Does that statement strike anyone else as extremely greedy? I understand movie studios are a business aiming to make money for both themselves and investors; I’m not arguing that point at all. What seems ridiculous to me is their business model and the idea that pushing back rental dates will make consumers buy a movie because they don’t want to wait another three or four weeks to rent it.

(Are studios getting greedy or getting their due? Keep reading…)


It bothers me that it’s always someone else’s fault when DVD sales are down. Piracy, rental companies, and recession – studios blame everyone and everything except the movie itself. They can ignore the fact that many movies are just not worth owning but eventually they will be forced to understand that if you deliver a poor product then no one is going to want to buy it – Economics 101.

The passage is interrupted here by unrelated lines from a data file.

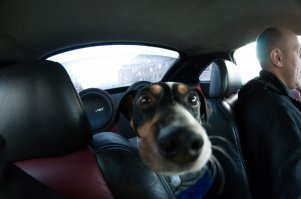 Очень любопытные собаки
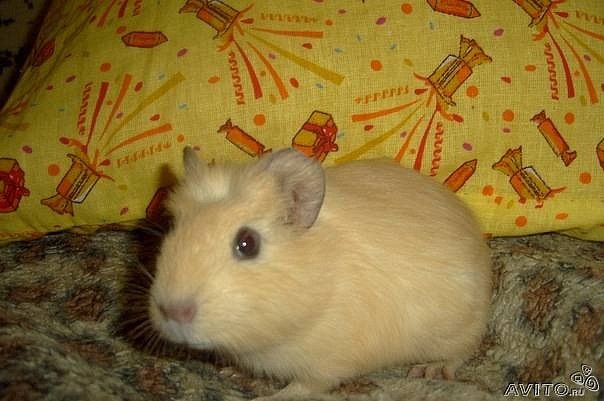 Светлана Семёнова | Санкт-Петербург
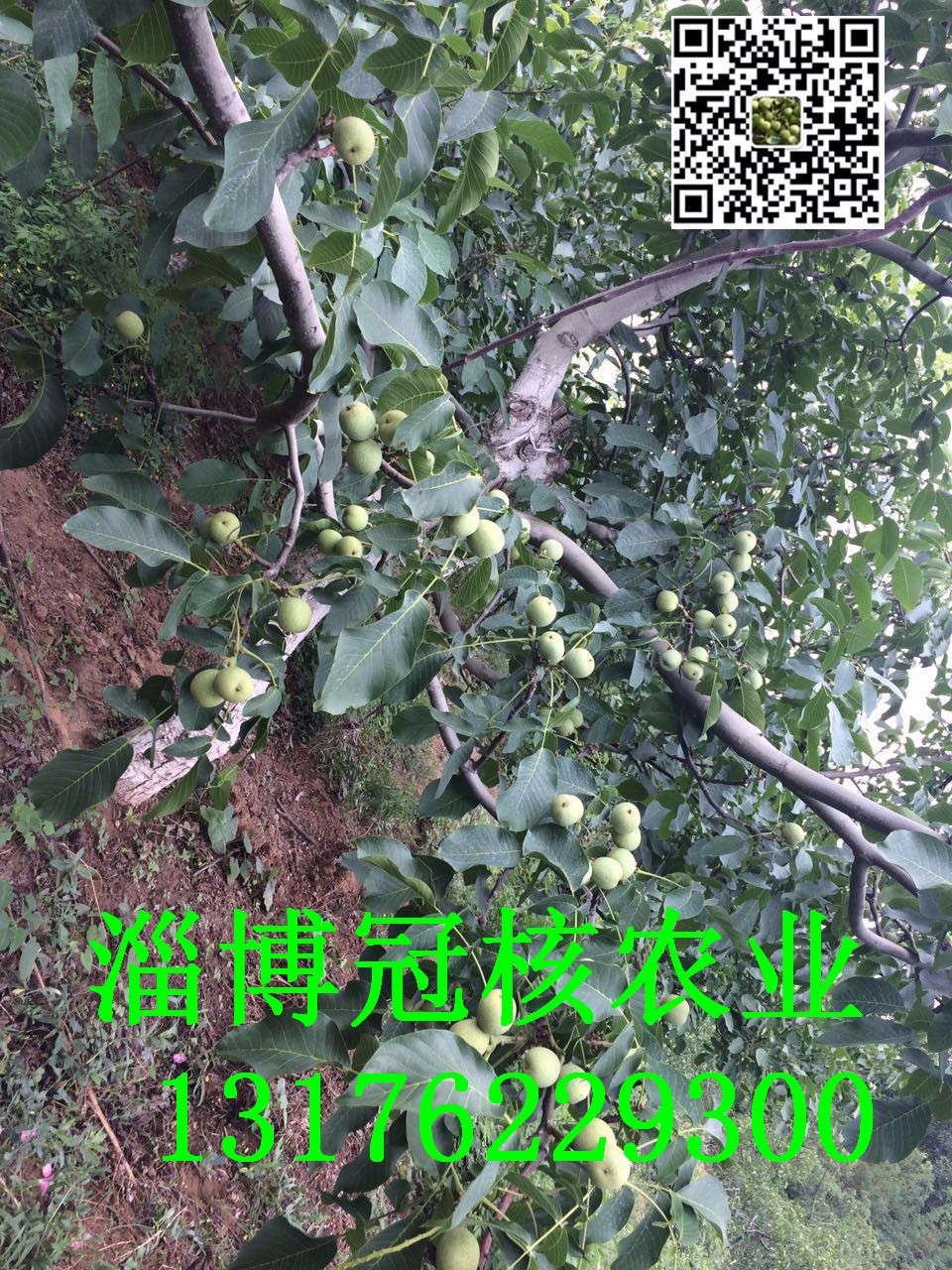 1502517461824795.jpg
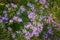 Closeup of purple Michaelmas daisy flowers, Aster amellus Rudolf goethe, in a garden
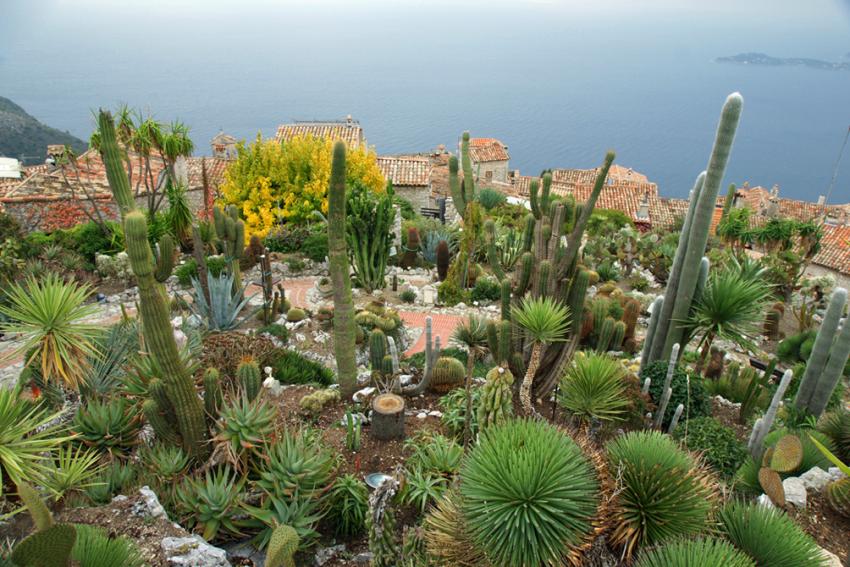 Eze-Village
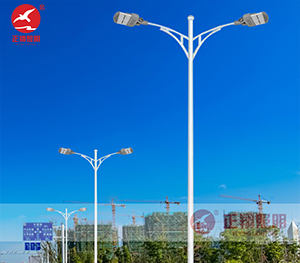 LED市电路灯ZX-LD109 LED市电路灯ZX-LD109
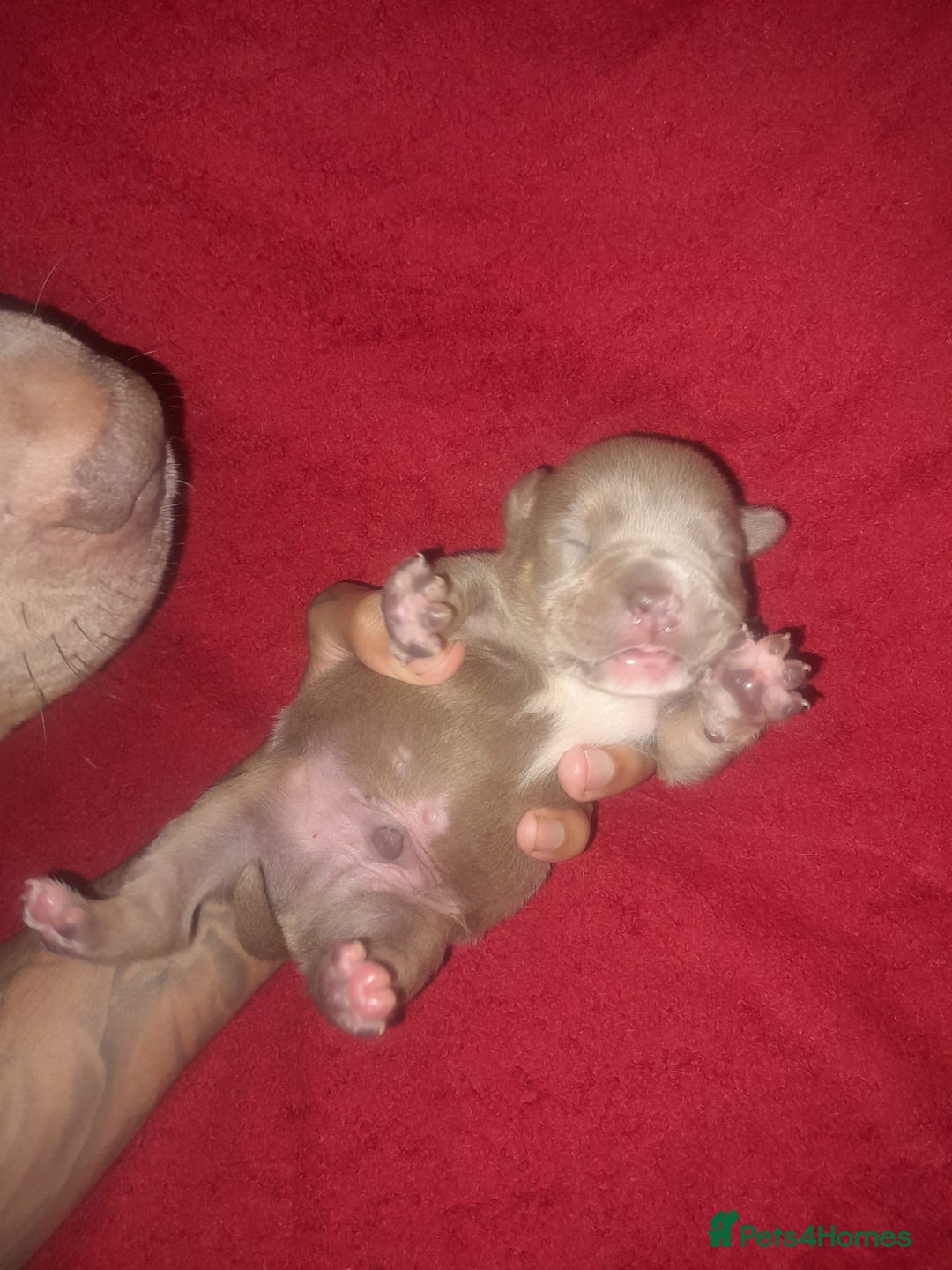 American Bully dogs for sale: American POCKET Bully - Advert 15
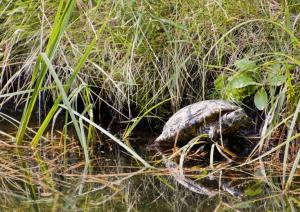 Outdoor turtle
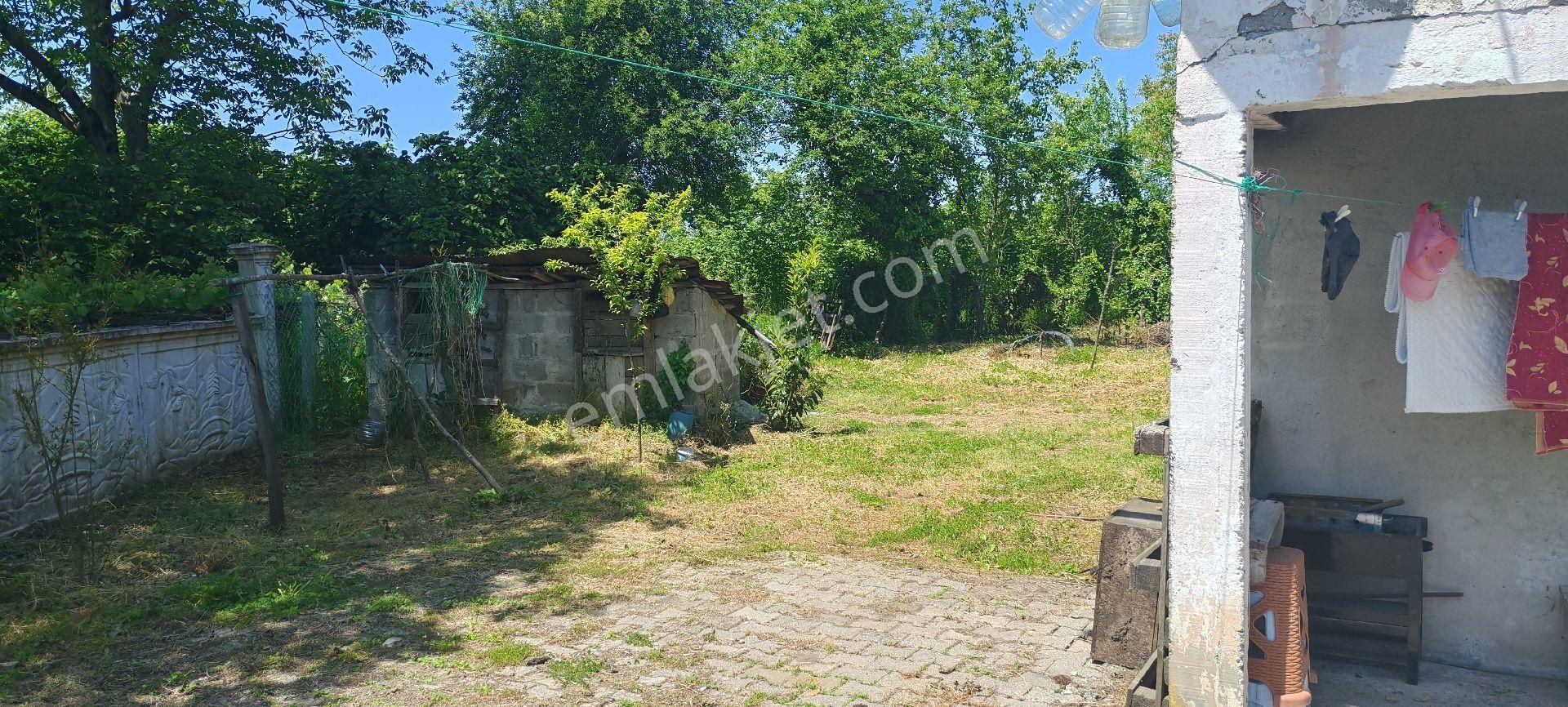 Samsun Terme Gundogdu Köyünde Satilik Evi Olan Cakiktak Fındık Bahcesı - Görsel 3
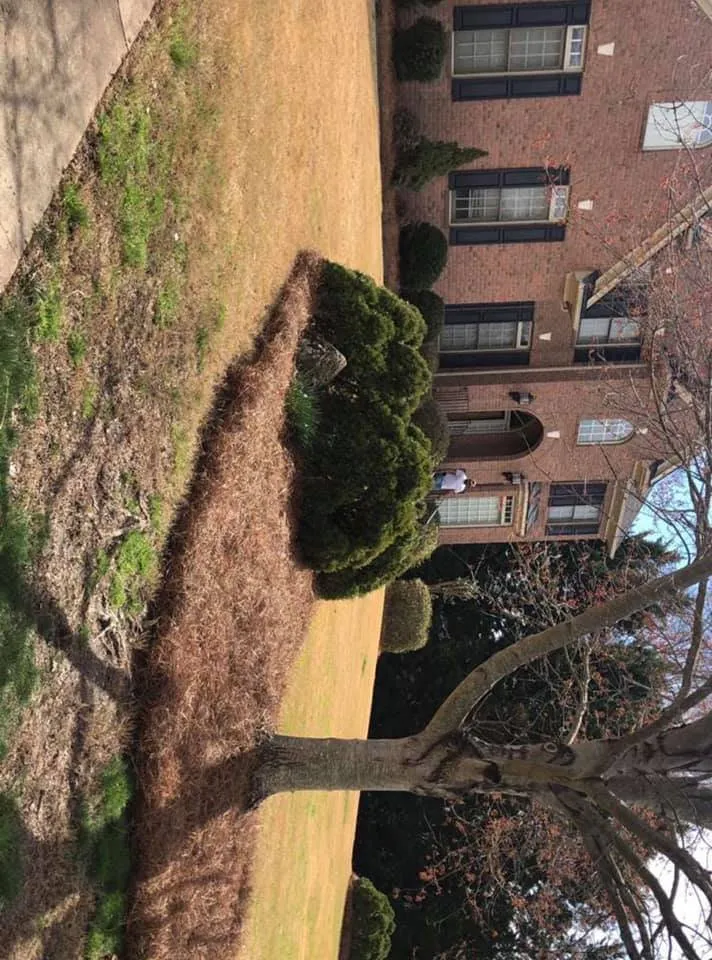 Reliable garden landscaping with custom design in Pageland, SC by Showtime Landscaping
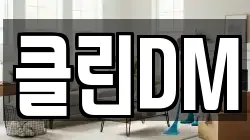 클린DM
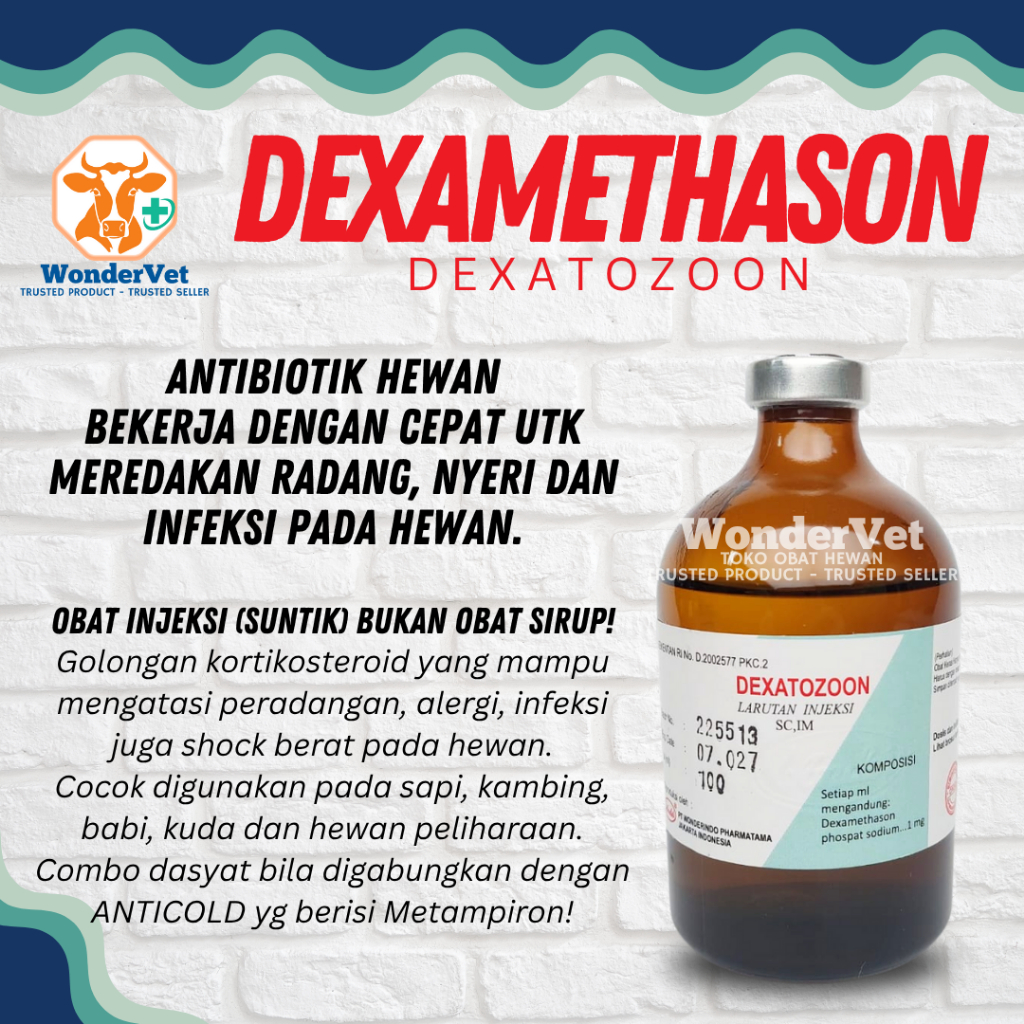 DEXAMETHASON - OBAT RADANG INFEKSI HEWAN - DEXATOZON - ANTIBIOTIK Injeksi/suntik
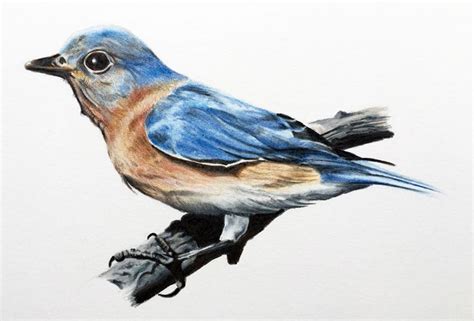 Https://tommynaija.com/draw/how To Draw A Bird With Colored Pencils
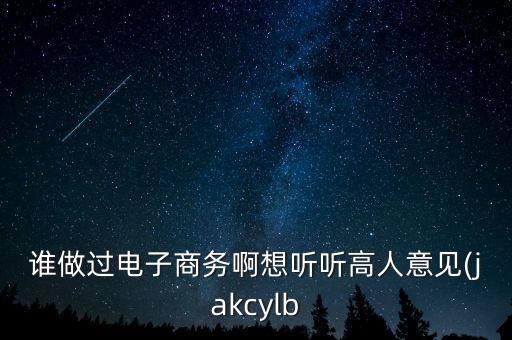 誰做過電子商務(wù)啊想聽聽高人意見(jakcylb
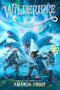 The Night Compass - 9781665910798 by Amanda Foody, 9781665910798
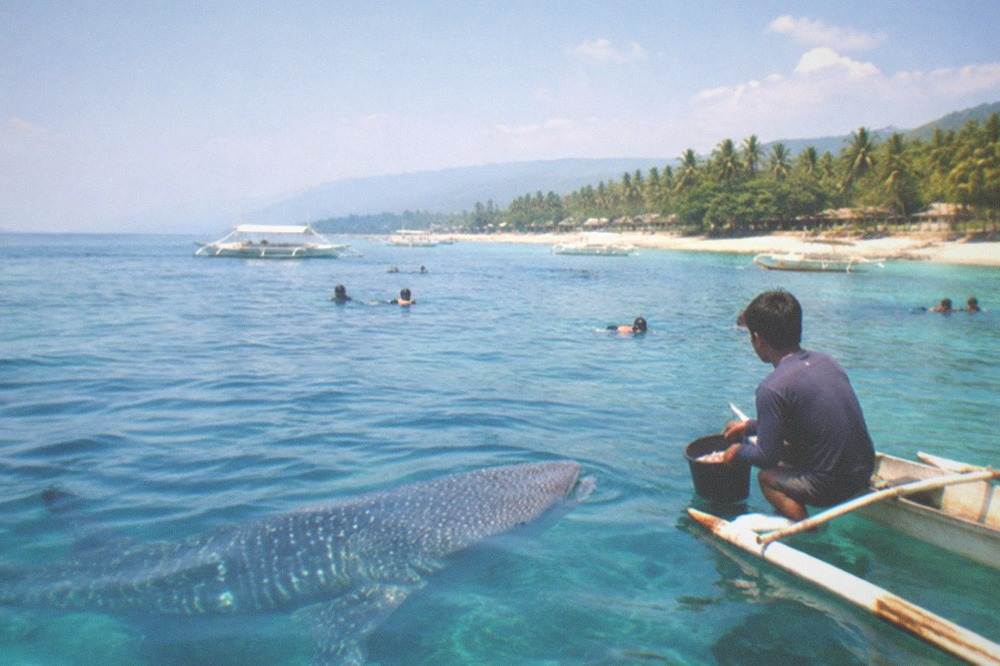 A boatman in a small paddle boat holding a bucket of krill beside a whale shark at Oslob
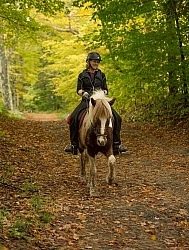 Fall colors  with The Vermont Icelandic Horse Farm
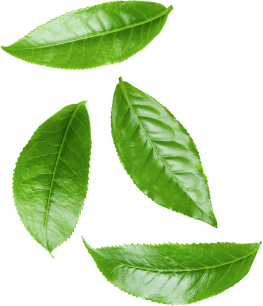 Natural Health Products | Earth Wyze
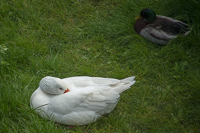 a swan(?) and a mallard duck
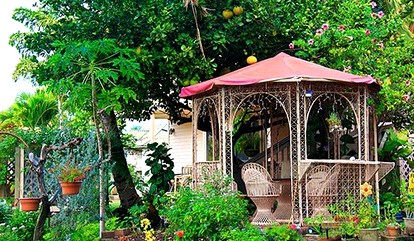 Romantic Suite Rentals Overlooking Garden and Orchard on Island of Maui - glamping.directory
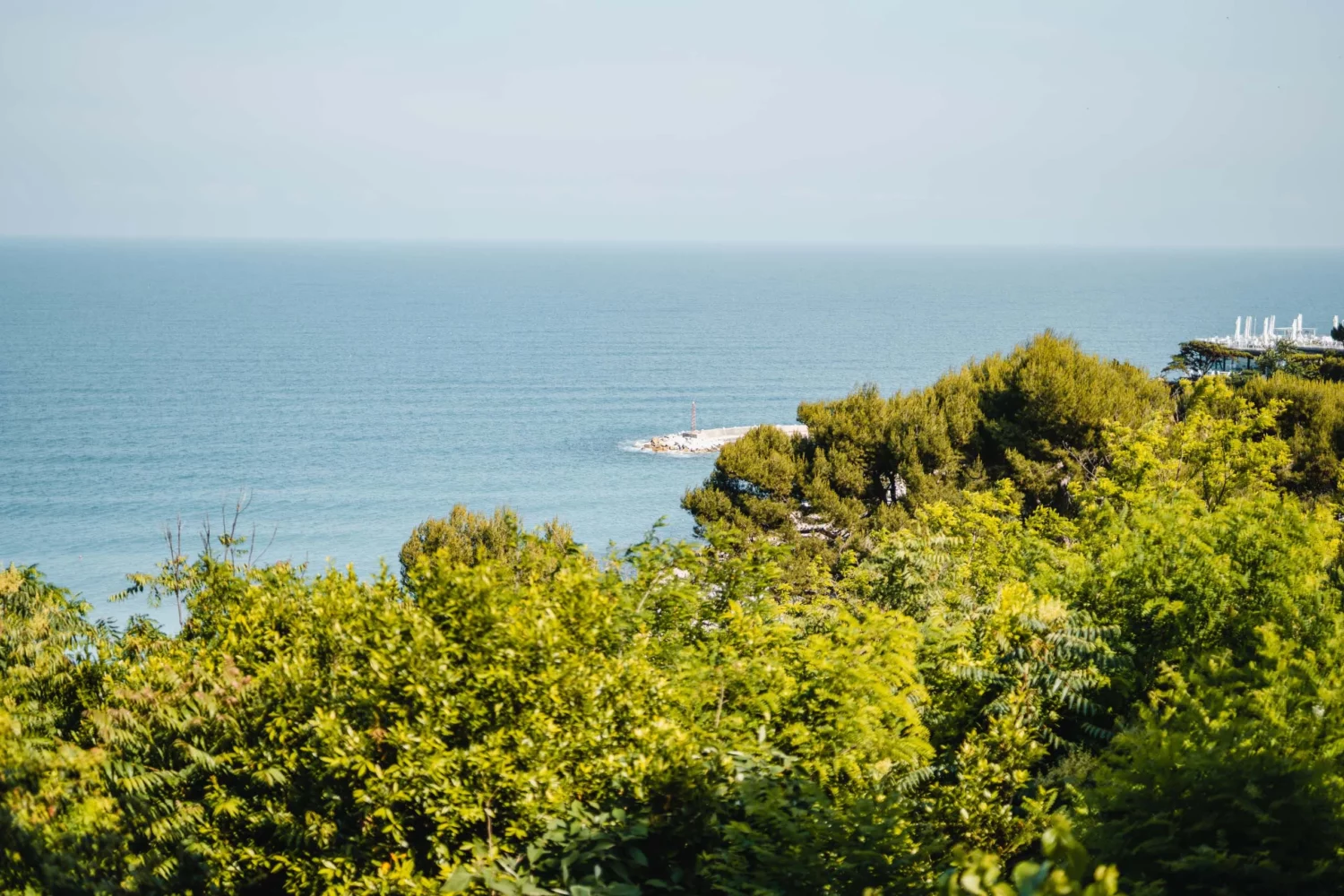 csm_DSC01343_410301947c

I don’t think this new plan will work in the long run to increase sales. Land of the Lost, Aliens in the Attic and The Invention of Lying are rentals – period! Not making them available to rent for another 4 weeks isn’t going to affect their sales numbers one little bit. People aren’t going to think, “Well heck, I can’t rent it; might as well waste spend $20 and buy it now.” I think what studios need to focus on is spending and investing their money more wisely.

Let me give you an investment scenario – I want you to give me $10 and in 6 months to 1 year I might give you back $11 or you could only get $5 back. Would you make an investment like that? Of course not, but that’s what studios do on a consistent basis. They spend stupid amounts of money to make, produce and promote a film just too barely break even, make a 5% profit or, even worse, lose 50% or more at the box office. Too many times they rely heavily on the DVD sales of a film that fails horribly at the box office to help make up for the loss.

Now let me give you another investment scenario – I want you to give me $5 and in 6 months to 1 year I might give you $6 dollars or you could only get $2.50 back. This is a better investment scenario because you are risking little to make a profit and the monetary loss is limited. Both scenarios offer a minor return with a chance for loss, so why wouldn’t you go with the one that offers you the lowest financial risk? There is no “sure thing” in Hollywood right now and to gamble large sums of money in this current economy is ludicrous to me.


Too often audiences go to see films that are over-produced, over-funded and over-hyped just to walk out feeling ripped-off asking the question “Where did they spend that money?” Paranormal Activity, The Blair Witch Project and District 9 are good examples of a low investment yielding high returns; say what you want about whether each of those films was actually good, my point is, the initial investment was so low that the movies were bound to make money.

Now, let’s compare that to the “big budget” films, Land of the Lost and X-Men 3. LotL was a financial disaster; it was made on a budget of $100 million and, to date, has only brought in $49 million domestically. X-Men 3 may have fared better at the box office with a $234 million domestic take,but it took an investment of $210 million to get there.

Can you see my point here? Why must it be the consumer’s fault for declining DVD sales? Have the studios ever thought that there are some films people just don’t want to buy? Nah! It’s still our fault that we don’t fall for the ads and tagline promises and buy their crappy movies.

What do you think about the plan to delay DVD rental releases until after the release for purchase date? Do you consider the move to be a slap in the face by studios?